¶But after that certain amount of material prosperity has been gained then the things that really count most are the things of the soul rather than the things of money, and I am sure that each of you if he will really think of what it is that made him most happy, of what it is that made him most respect his neighbors will agree with me.
¶¶Look back in your own lives, see what the things are that you are proudest of as you look back, and you will in almost every case and on every occasion find that those memories of pride are associated, not with days of ease, but with days of effort, the day when you had to do all that was in you for some worthy end, and the worthiest of all worthy ends is to make those that are closest and nearest to you—your wife and your children, and those near you—happy and not sorry that you are alive.
¶And after that has been done, to be able so to handle yourself that you can feel when the end comes that on the whole your community, your fellow men, are a little better off and not a little worse off because you have lived.
¶This kind of success is open to every one of us. The great prizes come more or less by accident, and no human being knows that better than any man who has won one of them.
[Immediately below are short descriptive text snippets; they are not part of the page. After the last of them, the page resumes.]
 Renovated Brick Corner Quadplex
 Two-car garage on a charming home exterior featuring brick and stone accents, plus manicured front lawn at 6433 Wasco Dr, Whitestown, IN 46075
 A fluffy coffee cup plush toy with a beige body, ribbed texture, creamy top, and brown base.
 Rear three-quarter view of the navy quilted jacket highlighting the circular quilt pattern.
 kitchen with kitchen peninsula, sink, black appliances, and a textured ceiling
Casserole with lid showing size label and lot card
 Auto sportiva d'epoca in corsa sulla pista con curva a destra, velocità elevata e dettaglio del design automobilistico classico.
The great prizes come more or less by accident, but to each man there comes normally the chance so to lead his life that at the end of his days his children, his wife, those that are dear to him shall rise up and call him blessed, and so that his neighbors and those who have been brought into intimate association with him, may feel that he has done his part as a man in a world which sadly needs that each man should play his part well.[[1]]
¶¶Treat each man according to his worth as a man. Don’t hold for or against him that he is either rich or poor. But if he is rich and crooked, hold it against him; if not rich but crooked, then hold it against him. But if he is a square man, stand by him. Distrust all who would have any one class placed before any other. Other republics have fallen because of the unscrupulous rich or the unscrupulous poor who gained ascendancy, who substituted loyalty to class for loyalty to the people as a whole.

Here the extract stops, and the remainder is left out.